Los presentes pusieron en eje en que la decisión del presidente estadounidense viola las resoluciones de la ONU y, a su vez, expresaron su preocupación ante la posibilidad de que la violencia aumente.

“Cualquier decisión unilateral menoscaba los esfuerzos para la paz. Tengo que decirlo, estoy preocupado por el riesgo de una escalada violenta”, remarcó el representante de Naciones Unidas, Nicolái Mladenov.

Los embajadores del Reino Unido, Italia, Suecia, Francia y Alemania comunicaron tras la sesión en una declaración conjunta que la decisión estadounidense “no está en concordancia con resoluciones de Naciones Unidas”. Por su parte, agregaron que “el estatus de Jerusalén debe ser determinado mediante negociaciones entre israelíes y palestinos”.

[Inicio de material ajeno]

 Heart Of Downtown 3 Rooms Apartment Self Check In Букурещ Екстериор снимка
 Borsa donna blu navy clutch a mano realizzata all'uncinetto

Asimismo, la embajadora de Estados Unidos, Nikki Haley, intentó minimizar la decisión de Trump. Ante ello expresó: “Nuestras acciones deben impulsar el objetivo de la paz”. En ese sentido, añadió: “No es un revés para el proceso, mi país mantiene su compromiso de apoyarlo. Tener la embajada donde está la capital es solo una decisión de sentido común. Estados Unidos fue el primero en reconocer a Israel y ahora es el primero en aceptar su capital. Hemos admitido lo obvio”.

Por último, los presentes recordaron, para no desligarse de las pronunciaciones de la ONU, que “Jerusalén es un cuerpo separado cuyo estatuto solo puede resolverse por acuerdo internacional. Por ello una resolución de la ONU exige la retirada de todas las embajadas de la ciudad”.